CRISIL forecasts slowest Q4 growth for India Inc since 2021
CRISIL's analysis predicts a sluggish revenue growth of 4-6% for India Inc (top companies of India) between January-March 2024, marking the slowest quarterly growth since the COVID-19 pandemic recovery began in September 2021. The study, which excluded financial services and oil and gas sectors, was based on data from 350 companies. Strong growth in preceding years contributes partly to the high base effect, which refers to a situation where comparisons of growth become skewed because the starting point is high.
Only a quarter of sectors witnessed revenue growth
CRISIL's monitoring of 47 sectors revealed that only 12 likely experienced an increase in revenue growth both sequentially and year-on-year for the quarter ended March 31. The performance was primarily driven by consumer discretionary products and services. Particularly, the automobile sector, especially passenger vehicles, saw a surge due to increased volumes and price hikes over the past year.
Organized retail and discretionary services lead growth
The organized retail sector marked growth for the thirteenth consecutive quarter, propelled by strong urban demand. Discretionary services such as airlines and hotels benefitted from a resurgence in MICE (Meetings, Incentives, Conferences, Exhibitions), weddings, and corporate travel segments.
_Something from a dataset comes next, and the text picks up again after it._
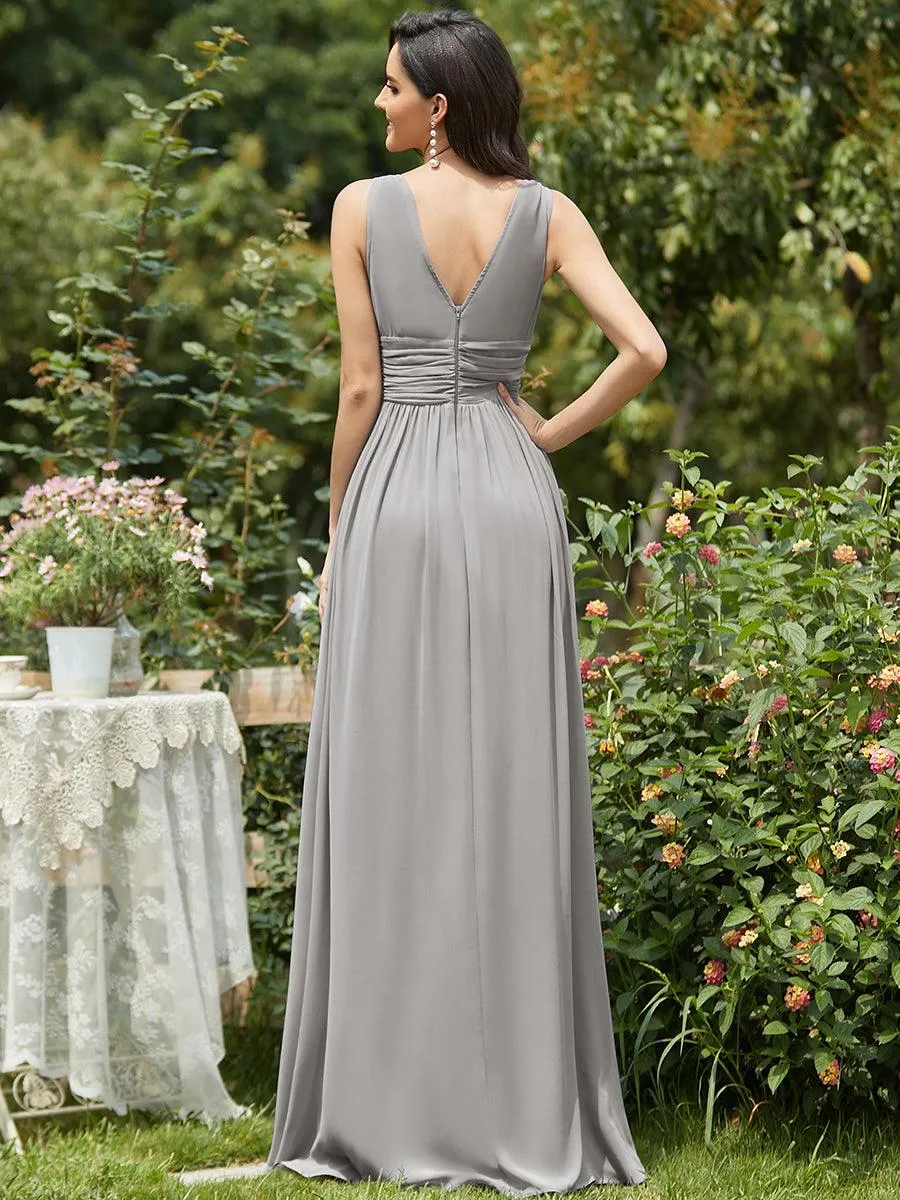 Robe de demoiselle d'honneur en mousseline sans manches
However, construction-linked sectors reportedly saw slower revenue growth due to a high base in Q4 of fiscal 2023 when construction companies recorded their highest quarterly revenue.
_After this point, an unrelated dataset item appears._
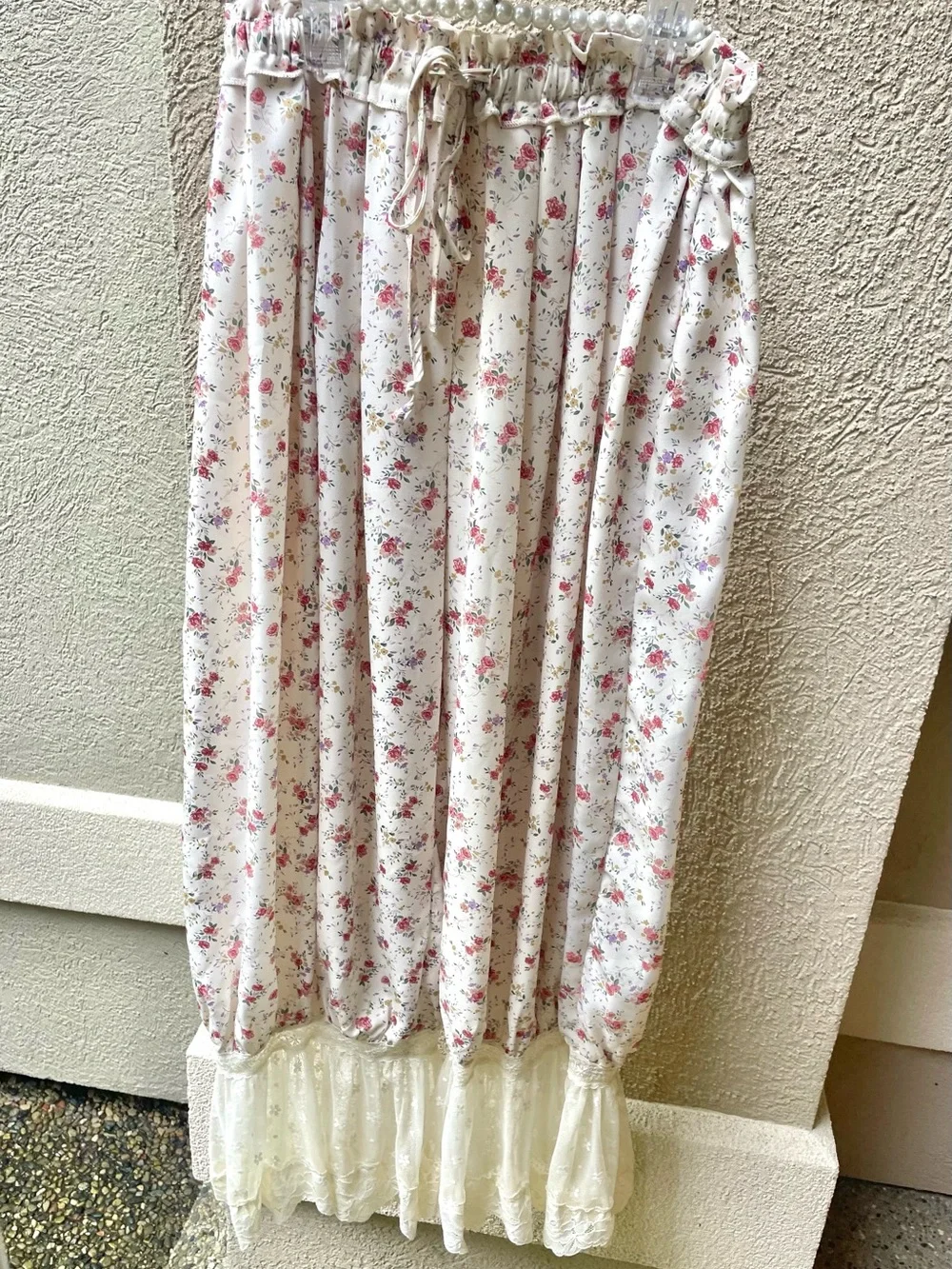 Cottagecore floral pantaloon style pants with lace hem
Cement sector faces moderate growth amid competitive pressure
Despite steady demand, the cement sector's revenue growth remained moderate due to price pressures amid higher supply and intense competition. Miren Lodha, Senior Director at CRISIL MI&A Research, stated that "Even with slower revenue growth in March quarter, corporate revenue is estimated to have grown 8% in fiscal 2024." He further projected an improvement in revenue growth to 9-10% for fiscal 2025.
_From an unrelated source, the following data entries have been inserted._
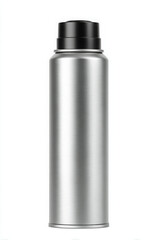 Sleek aluminum spray can presents clean, modern design for various personal products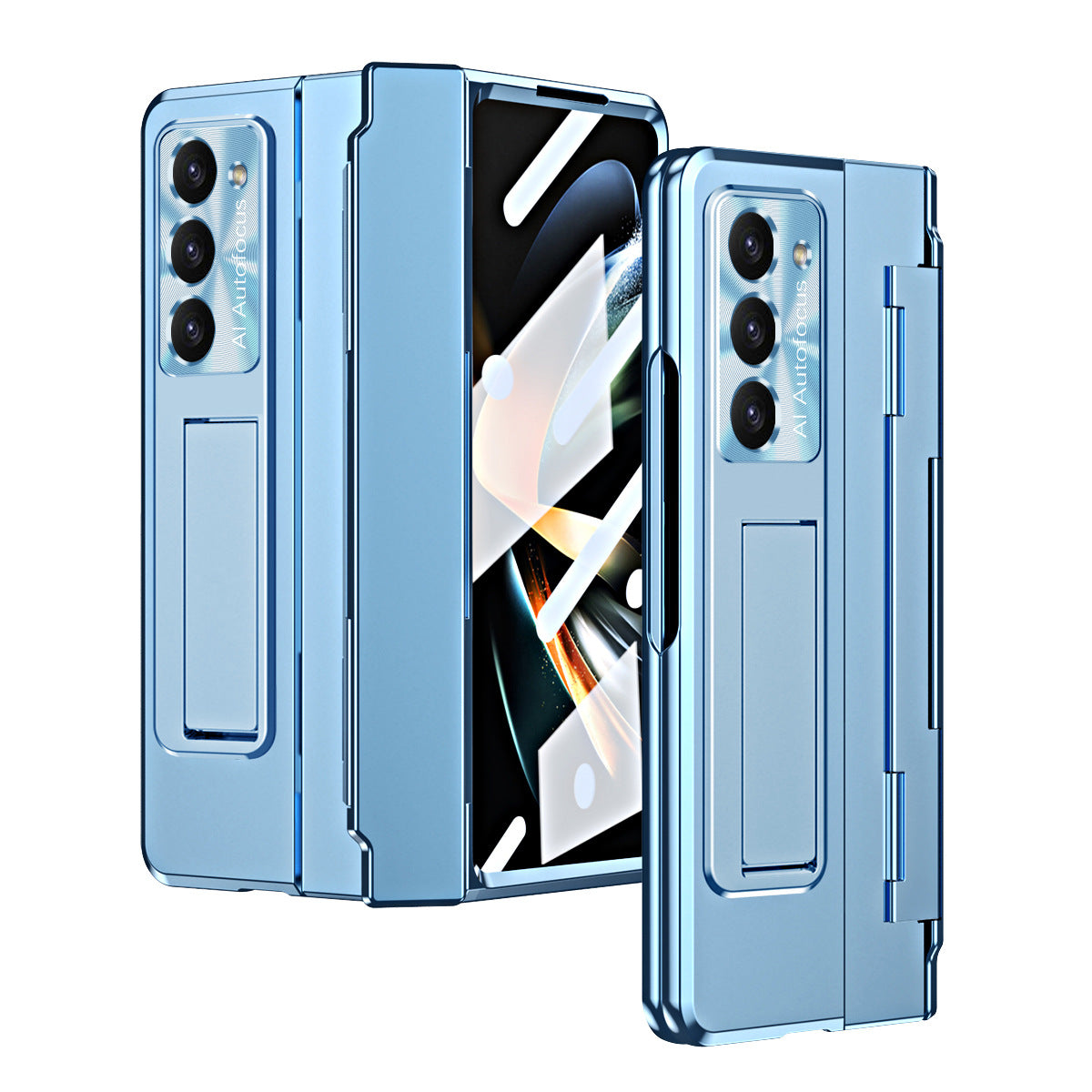 Samsung zfold 5 phone case FOLD4 flat hinge folding protective cover FOLD3 solid color bracket anti drop suitable - V.I.P Digital Presence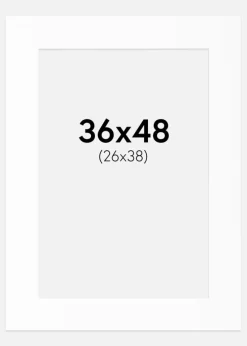 Passepartout Hvid Standard (Hvid kerne) 36x48 cm (26x38)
Corporate focus shifts toward profitability despite slow growth
Aniket Dani, Director at CRISIL MI&A Research, noted that "Despite single-digit revenue growth, margin has increased on-year consistently for four quarters, indicating a shift in corporate focus toward profitability." He estimated an improvement of approximately 150 basis points on-year for fiscal 2024. Dani also predicted that easing supply pressures and less volatile commodity prices in fiscal 2025 could help India Inc achieve a 50-150 basis points improvement in EBITDA margin.